EXERCISE INPUTS

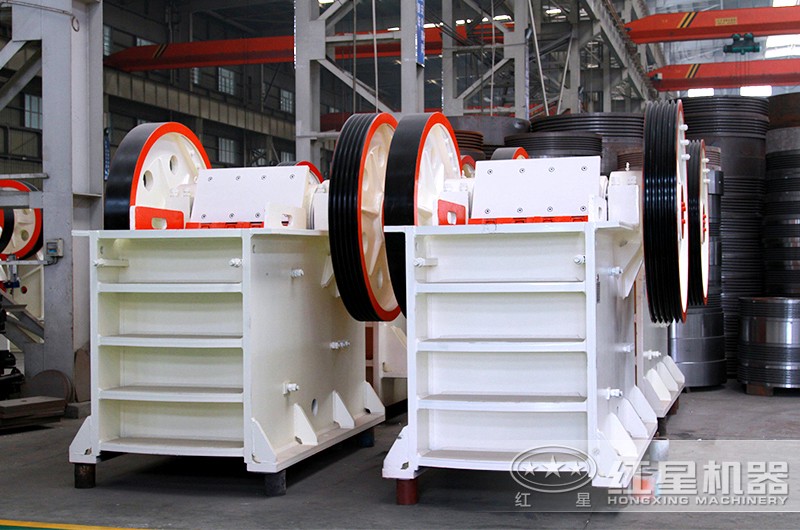 顎式破石機(jī)焊接機(jī)架結(jié)構(gòu)，牢固可靠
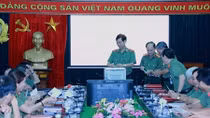  Public Security News helps people in flood-stricken areas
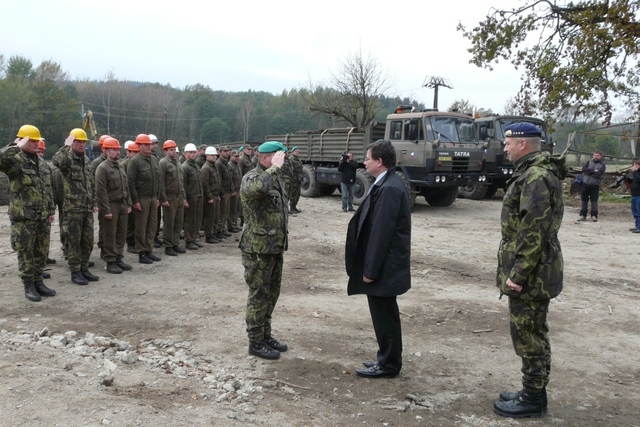 Velitel mostního odřadu major Jaroslav Janáček podává hlášení ministru obrany a NGŠ AČR
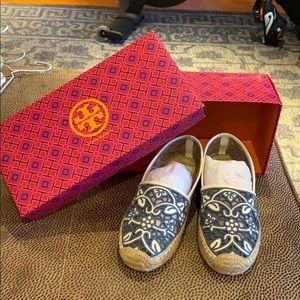 Tory Burch Lucia Lace Espadrille size 7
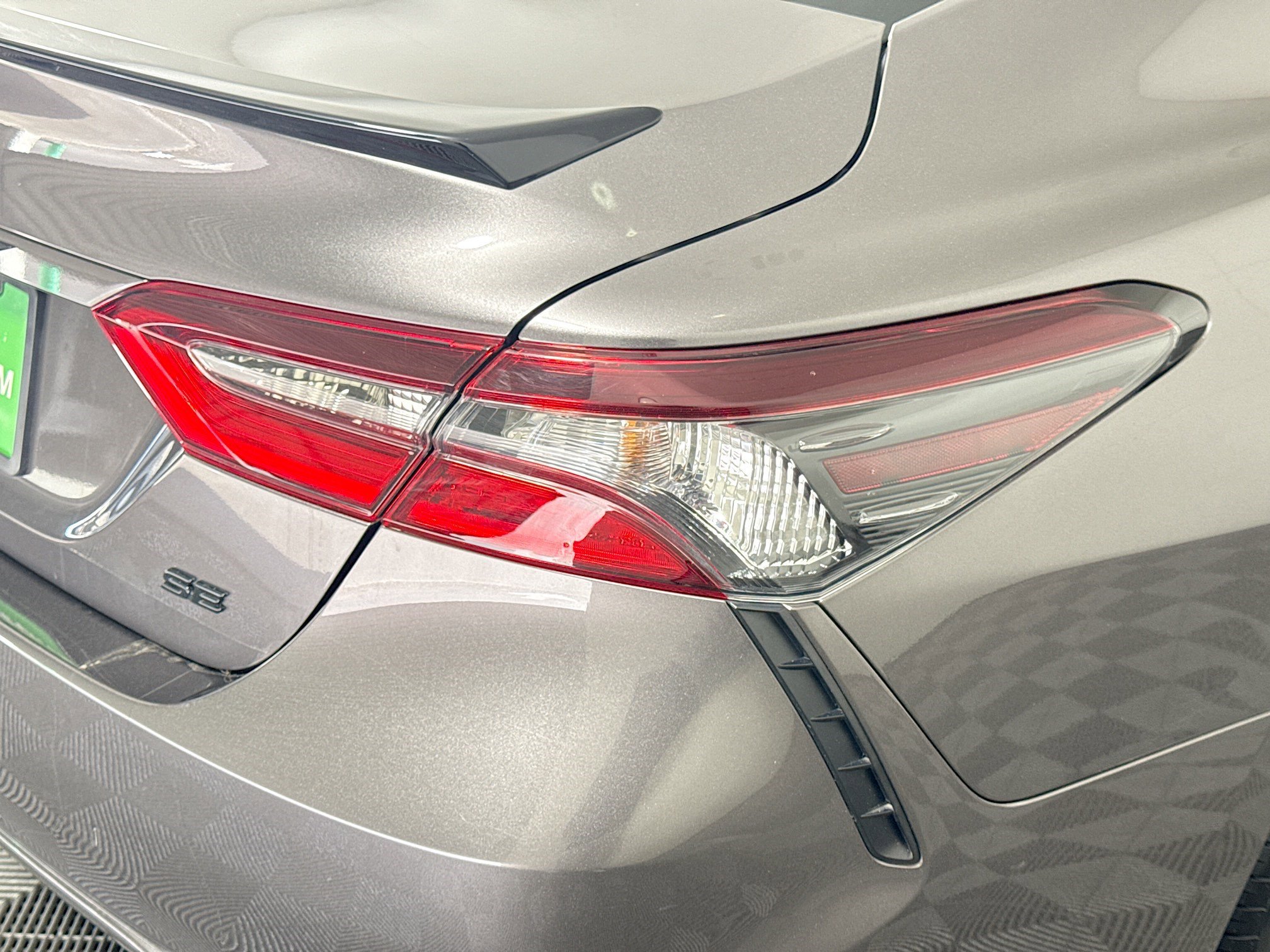 Used 2024 Toyota Camry SE image 33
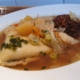 Krautsuppe mit Maulatsche und Leberknödel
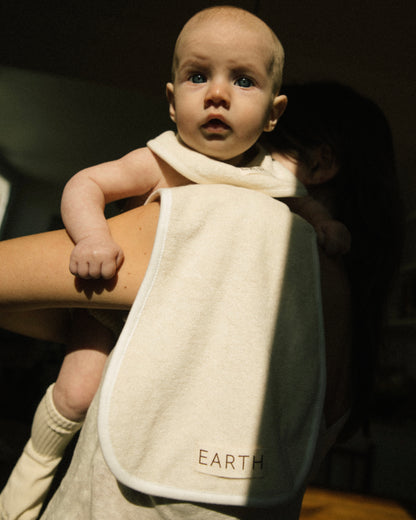 Organic new born bib - Ecru Cream [EARTH THE ARCHIVE] (26AW)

TASK DIRECTIONS
The span to retype runs from the line containing "Krautsuppe mit Maulatsche und Leberknödel" through the last line of the listing above, both ends included; copy it exactly, without pictures.

ANSWER TO THE EXERCISE
 Krautsuppe mit Maulatsche und Leberknödel
 Organic new born bib - Ecru Cream [EARTH THE ARCHIVE] (26AW)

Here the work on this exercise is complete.